Not only is their product local to me, but it's also terrific. Their three cheese tortellini runs in heavy rotation on our menu at home. (Add broccoli, garlic, parmesan... eat.) But one instruction on their packaging was mysterious to me. So I decided to write them a little letter about it. Here goes:

Dear Putney Pasta,

I love your products, especially the 3 Cheese Ravioli (because I am a purist).  I love that yours is a Vermont company, and that the ingredients list is squeaky clean.  But... (there's always a but, isn't there?) the instructions are a real puzzle to me.  They specify cooking the tortellini for at least 3 minutes, to an internal temperature of 165 degrees. 

Really?  Do you actually have an instant read thermometer small enough and quick enough to take a tortellini's temperature?  Do people do this?  I have owned several different kitchen thermometers over the years--digital ones, dial thermometers, even one on a long cord so that the reading end could be inside the oven and the business end out.  And none of them ever seemed very accurate, even in a 3 pound roast.  Perhaps I just have very bad luck.

Just curious,

Sarah

And of course, being a wonderful little small company, they wrote me back:

Hi Sarah;

I appreciate your concern and frustration. I 100% agree..but this is a statement that is put on our label (and that of many companies) to appease the legal powers that be. I’m sure you are cooking our product as you should.

Thanks,

Rick

Huh.  Yet another incidence of lawyers rewriting something until it makes no sense at all.  There's a joke in there somewhere: how many lawyers does it take to boil a tortellini?  Or something.  Carry on, then.

Thursday
Jul142011

Pick Those Blueberries, Kid!

Is that quart half full? Or half empty?I think I'm the Tiger Mother of blueberry picking. 

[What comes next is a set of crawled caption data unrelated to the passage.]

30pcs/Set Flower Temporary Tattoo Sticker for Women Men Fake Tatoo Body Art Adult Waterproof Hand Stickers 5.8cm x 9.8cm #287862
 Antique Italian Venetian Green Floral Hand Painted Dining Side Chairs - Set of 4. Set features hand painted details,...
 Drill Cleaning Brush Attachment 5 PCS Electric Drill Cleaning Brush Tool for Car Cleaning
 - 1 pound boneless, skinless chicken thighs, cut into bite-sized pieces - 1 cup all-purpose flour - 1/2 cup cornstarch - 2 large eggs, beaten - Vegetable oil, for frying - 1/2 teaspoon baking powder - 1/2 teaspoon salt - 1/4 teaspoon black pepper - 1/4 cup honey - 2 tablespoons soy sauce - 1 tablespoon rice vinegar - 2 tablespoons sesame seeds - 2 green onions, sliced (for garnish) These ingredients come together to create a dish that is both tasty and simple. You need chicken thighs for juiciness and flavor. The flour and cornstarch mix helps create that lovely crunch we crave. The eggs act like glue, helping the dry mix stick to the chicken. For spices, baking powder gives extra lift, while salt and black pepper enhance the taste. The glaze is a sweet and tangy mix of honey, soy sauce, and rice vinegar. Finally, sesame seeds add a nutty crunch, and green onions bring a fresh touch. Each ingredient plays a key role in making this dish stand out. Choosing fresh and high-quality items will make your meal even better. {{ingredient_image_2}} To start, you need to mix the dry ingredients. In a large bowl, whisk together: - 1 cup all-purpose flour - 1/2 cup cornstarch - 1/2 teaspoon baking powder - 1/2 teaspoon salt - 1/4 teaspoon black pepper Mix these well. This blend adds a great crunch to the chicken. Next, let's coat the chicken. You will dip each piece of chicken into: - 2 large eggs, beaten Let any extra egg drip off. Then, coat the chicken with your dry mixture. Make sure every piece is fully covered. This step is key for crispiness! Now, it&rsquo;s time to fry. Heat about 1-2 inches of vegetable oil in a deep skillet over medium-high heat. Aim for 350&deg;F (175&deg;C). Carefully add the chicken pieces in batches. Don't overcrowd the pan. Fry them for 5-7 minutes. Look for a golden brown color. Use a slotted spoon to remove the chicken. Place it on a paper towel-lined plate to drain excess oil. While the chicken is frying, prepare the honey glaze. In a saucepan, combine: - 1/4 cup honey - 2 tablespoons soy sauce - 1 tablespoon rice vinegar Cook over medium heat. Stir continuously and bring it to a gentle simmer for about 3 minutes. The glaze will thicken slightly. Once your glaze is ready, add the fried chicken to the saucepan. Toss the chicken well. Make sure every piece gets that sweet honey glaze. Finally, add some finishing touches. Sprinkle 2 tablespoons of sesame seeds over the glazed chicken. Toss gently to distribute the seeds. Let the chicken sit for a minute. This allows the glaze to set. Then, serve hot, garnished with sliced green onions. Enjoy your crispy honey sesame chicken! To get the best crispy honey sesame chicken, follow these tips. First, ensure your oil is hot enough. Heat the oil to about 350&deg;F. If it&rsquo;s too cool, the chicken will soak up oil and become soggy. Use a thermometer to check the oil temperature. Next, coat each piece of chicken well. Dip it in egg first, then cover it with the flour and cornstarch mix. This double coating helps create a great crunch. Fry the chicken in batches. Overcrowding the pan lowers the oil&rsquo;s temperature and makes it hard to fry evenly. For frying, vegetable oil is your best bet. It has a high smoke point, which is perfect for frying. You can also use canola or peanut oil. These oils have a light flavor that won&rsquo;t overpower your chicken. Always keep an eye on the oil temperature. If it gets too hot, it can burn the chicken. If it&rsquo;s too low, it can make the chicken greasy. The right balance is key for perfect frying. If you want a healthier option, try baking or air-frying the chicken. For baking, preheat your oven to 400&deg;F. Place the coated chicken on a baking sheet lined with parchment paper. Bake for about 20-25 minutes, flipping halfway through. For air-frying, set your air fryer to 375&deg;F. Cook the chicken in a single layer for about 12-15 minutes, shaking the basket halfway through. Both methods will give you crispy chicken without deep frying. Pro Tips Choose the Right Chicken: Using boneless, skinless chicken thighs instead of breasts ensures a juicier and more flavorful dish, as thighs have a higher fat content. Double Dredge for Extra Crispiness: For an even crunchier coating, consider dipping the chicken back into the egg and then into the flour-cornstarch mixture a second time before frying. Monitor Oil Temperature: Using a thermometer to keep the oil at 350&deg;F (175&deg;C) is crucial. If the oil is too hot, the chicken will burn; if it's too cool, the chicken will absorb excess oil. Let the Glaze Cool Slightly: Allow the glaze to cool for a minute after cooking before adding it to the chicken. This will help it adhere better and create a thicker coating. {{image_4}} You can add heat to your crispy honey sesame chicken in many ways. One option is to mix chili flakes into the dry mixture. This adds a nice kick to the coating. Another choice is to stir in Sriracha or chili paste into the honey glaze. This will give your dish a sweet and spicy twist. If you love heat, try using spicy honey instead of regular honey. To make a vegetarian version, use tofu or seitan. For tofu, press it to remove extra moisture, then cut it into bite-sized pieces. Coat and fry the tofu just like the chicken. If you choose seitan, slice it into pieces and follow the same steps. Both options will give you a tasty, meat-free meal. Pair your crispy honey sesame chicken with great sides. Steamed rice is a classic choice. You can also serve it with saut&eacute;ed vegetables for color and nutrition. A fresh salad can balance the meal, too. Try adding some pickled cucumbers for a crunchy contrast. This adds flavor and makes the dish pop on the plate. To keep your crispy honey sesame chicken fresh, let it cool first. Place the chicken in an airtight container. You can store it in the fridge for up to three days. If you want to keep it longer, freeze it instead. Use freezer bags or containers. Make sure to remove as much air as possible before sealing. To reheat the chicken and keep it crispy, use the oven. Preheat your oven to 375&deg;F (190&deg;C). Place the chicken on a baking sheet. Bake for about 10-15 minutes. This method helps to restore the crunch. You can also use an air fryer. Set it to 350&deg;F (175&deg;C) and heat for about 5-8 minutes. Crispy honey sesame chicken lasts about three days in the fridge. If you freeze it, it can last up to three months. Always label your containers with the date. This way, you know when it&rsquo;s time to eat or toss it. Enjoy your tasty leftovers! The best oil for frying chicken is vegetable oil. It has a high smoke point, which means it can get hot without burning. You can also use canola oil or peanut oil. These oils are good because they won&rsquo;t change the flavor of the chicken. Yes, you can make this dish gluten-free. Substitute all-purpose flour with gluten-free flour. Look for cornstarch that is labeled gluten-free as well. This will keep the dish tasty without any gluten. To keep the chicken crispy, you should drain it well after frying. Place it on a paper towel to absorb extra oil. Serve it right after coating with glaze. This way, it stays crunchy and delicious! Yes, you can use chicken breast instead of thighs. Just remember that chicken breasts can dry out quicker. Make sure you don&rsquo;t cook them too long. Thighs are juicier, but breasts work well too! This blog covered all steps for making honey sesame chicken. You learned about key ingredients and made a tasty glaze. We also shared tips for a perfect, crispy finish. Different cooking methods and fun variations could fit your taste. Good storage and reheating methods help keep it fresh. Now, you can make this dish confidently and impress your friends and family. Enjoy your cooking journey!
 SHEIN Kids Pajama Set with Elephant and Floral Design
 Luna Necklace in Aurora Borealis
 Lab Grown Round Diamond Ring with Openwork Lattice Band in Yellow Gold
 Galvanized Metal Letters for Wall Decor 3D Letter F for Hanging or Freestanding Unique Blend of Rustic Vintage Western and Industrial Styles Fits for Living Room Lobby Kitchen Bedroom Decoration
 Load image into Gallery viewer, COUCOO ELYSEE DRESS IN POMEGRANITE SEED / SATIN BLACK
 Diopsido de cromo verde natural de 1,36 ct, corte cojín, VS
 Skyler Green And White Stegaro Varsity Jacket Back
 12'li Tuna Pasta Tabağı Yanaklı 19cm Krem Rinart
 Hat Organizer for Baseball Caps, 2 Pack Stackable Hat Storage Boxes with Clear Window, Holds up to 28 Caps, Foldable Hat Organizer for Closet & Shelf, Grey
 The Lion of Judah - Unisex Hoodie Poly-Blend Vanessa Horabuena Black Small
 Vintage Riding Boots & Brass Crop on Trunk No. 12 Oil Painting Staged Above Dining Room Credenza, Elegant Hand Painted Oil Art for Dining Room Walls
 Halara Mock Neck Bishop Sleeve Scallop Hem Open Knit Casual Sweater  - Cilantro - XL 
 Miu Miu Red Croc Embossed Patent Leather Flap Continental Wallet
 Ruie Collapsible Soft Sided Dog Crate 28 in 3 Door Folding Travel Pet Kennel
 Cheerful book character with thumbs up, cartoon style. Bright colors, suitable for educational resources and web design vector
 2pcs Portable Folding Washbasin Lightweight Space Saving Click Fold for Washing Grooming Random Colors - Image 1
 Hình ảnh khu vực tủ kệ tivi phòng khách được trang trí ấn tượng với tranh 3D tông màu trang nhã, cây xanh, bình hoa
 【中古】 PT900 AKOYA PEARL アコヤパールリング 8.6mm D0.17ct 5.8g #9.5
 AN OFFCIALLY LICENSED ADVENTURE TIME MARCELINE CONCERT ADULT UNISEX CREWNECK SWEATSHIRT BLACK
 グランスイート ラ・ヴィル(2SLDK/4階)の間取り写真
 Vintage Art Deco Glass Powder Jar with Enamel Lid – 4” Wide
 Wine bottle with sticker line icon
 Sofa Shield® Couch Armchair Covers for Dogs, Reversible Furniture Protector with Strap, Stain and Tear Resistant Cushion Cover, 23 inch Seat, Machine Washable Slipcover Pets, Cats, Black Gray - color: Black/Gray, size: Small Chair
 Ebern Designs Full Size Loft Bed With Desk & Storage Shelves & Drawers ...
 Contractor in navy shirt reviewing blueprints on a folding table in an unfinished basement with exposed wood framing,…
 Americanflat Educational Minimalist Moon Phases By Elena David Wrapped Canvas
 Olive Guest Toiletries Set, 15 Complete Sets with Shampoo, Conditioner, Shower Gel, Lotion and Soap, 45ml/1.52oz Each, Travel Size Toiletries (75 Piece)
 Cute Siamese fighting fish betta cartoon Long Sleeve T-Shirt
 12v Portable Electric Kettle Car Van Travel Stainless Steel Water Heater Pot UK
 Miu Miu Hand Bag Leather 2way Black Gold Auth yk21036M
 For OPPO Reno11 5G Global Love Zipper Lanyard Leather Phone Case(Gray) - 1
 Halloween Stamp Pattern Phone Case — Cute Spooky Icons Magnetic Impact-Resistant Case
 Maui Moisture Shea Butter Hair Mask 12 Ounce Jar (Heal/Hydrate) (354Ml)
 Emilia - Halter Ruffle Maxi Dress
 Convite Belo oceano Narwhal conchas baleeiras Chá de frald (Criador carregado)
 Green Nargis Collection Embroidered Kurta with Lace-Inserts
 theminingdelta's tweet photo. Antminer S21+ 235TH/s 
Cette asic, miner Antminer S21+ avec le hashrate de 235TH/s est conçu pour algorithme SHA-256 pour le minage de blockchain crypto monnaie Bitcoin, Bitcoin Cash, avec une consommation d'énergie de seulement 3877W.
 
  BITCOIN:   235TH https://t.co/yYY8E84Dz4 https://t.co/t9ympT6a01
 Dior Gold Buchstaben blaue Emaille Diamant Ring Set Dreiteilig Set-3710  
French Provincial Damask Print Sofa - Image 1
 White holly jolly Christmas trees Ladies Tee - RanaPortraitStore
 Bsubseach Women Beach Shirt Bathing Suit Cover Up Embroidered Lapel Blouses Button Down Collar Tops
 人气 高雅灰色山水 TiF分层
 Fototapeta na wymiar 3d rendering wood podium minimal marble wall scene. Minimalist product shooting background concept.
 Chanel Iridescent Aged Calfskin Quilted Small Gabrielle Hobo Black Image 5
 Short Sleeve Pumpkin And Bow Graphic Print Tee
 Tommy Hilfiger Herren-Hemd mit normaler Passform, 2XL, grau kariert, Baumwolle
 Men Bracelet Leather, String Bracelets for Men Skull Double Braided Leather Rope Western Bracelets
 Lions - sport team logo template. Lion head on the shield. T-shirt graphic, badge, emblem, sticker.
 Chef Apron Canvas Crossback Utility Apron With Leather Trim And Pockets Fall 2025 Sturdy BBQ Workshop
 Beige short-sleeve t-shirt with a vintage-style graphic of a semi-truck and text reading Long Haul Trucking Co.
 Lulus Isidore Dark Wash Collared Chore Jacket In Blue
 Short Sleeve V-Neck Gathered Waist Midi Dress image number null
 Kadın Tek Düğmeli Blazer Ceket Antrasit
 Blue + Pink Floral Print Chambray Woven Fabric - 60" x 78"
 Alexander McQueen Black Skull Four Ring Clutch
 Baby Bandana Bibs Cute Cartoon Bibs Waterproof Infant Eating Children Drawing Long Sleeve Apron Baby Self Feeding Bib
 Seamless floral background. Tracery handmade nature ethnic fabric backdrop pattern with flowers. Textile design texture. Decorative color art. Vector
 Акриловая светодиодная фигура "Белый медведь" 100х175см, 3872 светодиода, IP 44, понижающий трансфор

My older child has been a champion picker since the age of 4. My younger child, now almost six, picks too. But then he eat what he picks.

My solution has been to give each kid a quart container, and then hint that anyone who wants a ride back home had better fill it. To the top.

Don't worry. My kids know that I won't really leave them at the paradise that is our local organic farm. But the empty container does help to give them a benchmark. Last spring I interviewed the manager of our local U-pick operation for a newspaper article, and her mother was even more hard core than I am. She told me the family rule was that you could only eat three berries while they picked. She's the tiger mother. I'm merely ambitious, for all the good it does me. The farm should weigh my younger son before and after we pick there.

If speed (rather than an idyllic day lounging among the fruit-loaded shrubberies) is your goal, try the milk jug method. Blueberries are easier to pick if you have two hands free. Cut a large portion of the top off of a plastic milk jug, leaving the handle entirely intact. Then, find some cord or a ribbon and tie it in a big loop around the handle. Make this long enough to go around your neck, such that the charton hangs with its open top at belly height. Now you can use two hands to tease the berries off the branches, dropping them into the milk jug as you go.

I'm all about the efficiency. Pies require quite a few berries. And pie is important. Thanks to the adorable kitchen nerds over at Cook's Illustrated, I now know to shave the flesh of one Granny Smith apple into the pie filling. The natural pectin helps the pie gel up.

Giddyup.

And... "Hey kid! Put it in the basket, wouldya? I saw that."